Démultiplier le regard ergonomique
Une troisième approche a été développée par la société Equans qui, avec l’aide du cabinet ID.QUATION, propose des parcours de formation de ses relais sur cinq jours. Deux jours au cours desquels sont exposées quelques bases en ergonomie en lien avec le contexte dans lequel ils évoluent. Un jour sur le terrain. Un quatrième jour de retour d’expérience pour analyser sa propre position d’observateur et enfin un dernier jour pour apprendre à être « ambassadeur » de cette approche.
Chacune des trois expériences partagées présente des forces et des faiblesses. Du côté des atouts de ces expériences, le fait qu’elles permettent de démultiplier le regard ergonomique dans des structures qui ne disposent que de quelques ergonomes. Grâce aux « relais », la démarche ergo est mieux connue, comprise et partagée. Ce réseau d'acteurs de terrain contribue à la cartographie des situations à problèmes, et permet d’impulser des actions de premier niveau. Pour autant, on ne devient pas ergonome en une simple formation, notent les intervenants. Par ailleurs, les différents outils de sensibilisation pourraient exposer au risque de faire un effet loupe sur la tâche analysée sans prendre en compte les temps de pause, la rotation des activités et l’organisation générale du chantier. Sans oublier les biais liés à l’observateur. Laurent Ranucci, référent santé et ergonomie chez Equans, constate ainsi que lors des exercices de cotation, les stagiaires ont « tous la même grille, tous la même vidéo et tous les mêmes temps de visionnage ». Les résultats sont souvent différents, ce qui est logique et ce phénomène est anticipé avec un système de cotation qui est en réalité semi-automatique, basé sur la capture de mouvements (motion capture).

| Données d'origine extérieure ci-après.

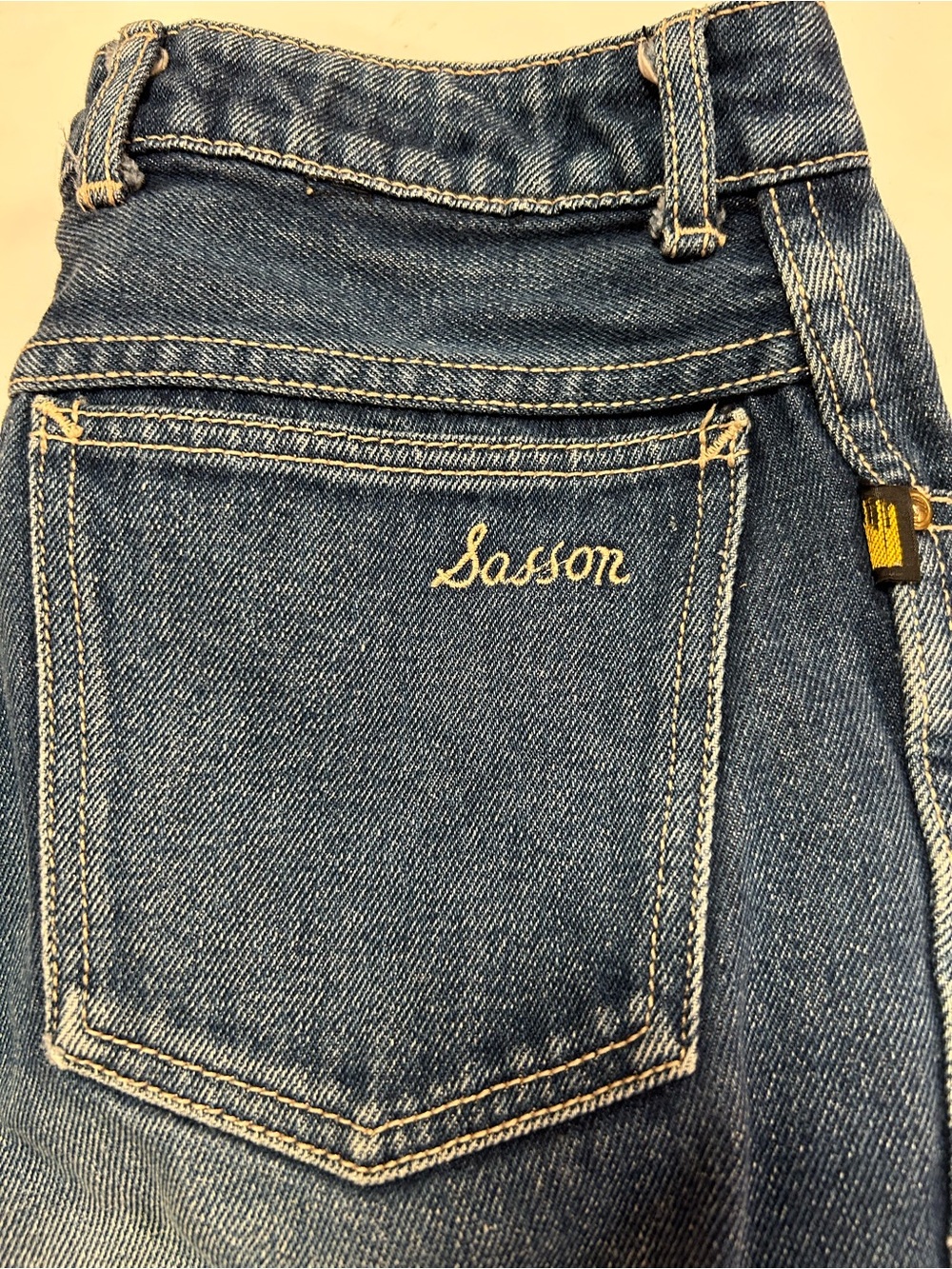 Sasson vintage jeans 27” waist, 41” from top of waistband to bottom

Après huit années d’expérimentation, Armelle Delas constate que les relais ergo ont globalement atteint leur objectif en permettant notamment un « partage des bonnes pratiques, une fluidification des messages portés par le pôle ergo, une responsabilité de chacun des acteurs à la prise en compte de l’ergonomie dans son métier ». Même si ces outils ne sont pas parfaits et demeurent améliorables, ils aident à diffuser une approche ergo dans un secteur où les préventeurs sont bien souvent plus focalisés sur la sécurité que sur le bien-être et la santé. En espérant que, à l’avenir, ces relais resteront le bras armé des pôles ergonomie et qu’ils ne viendront pas à prendre la place de ces derniers.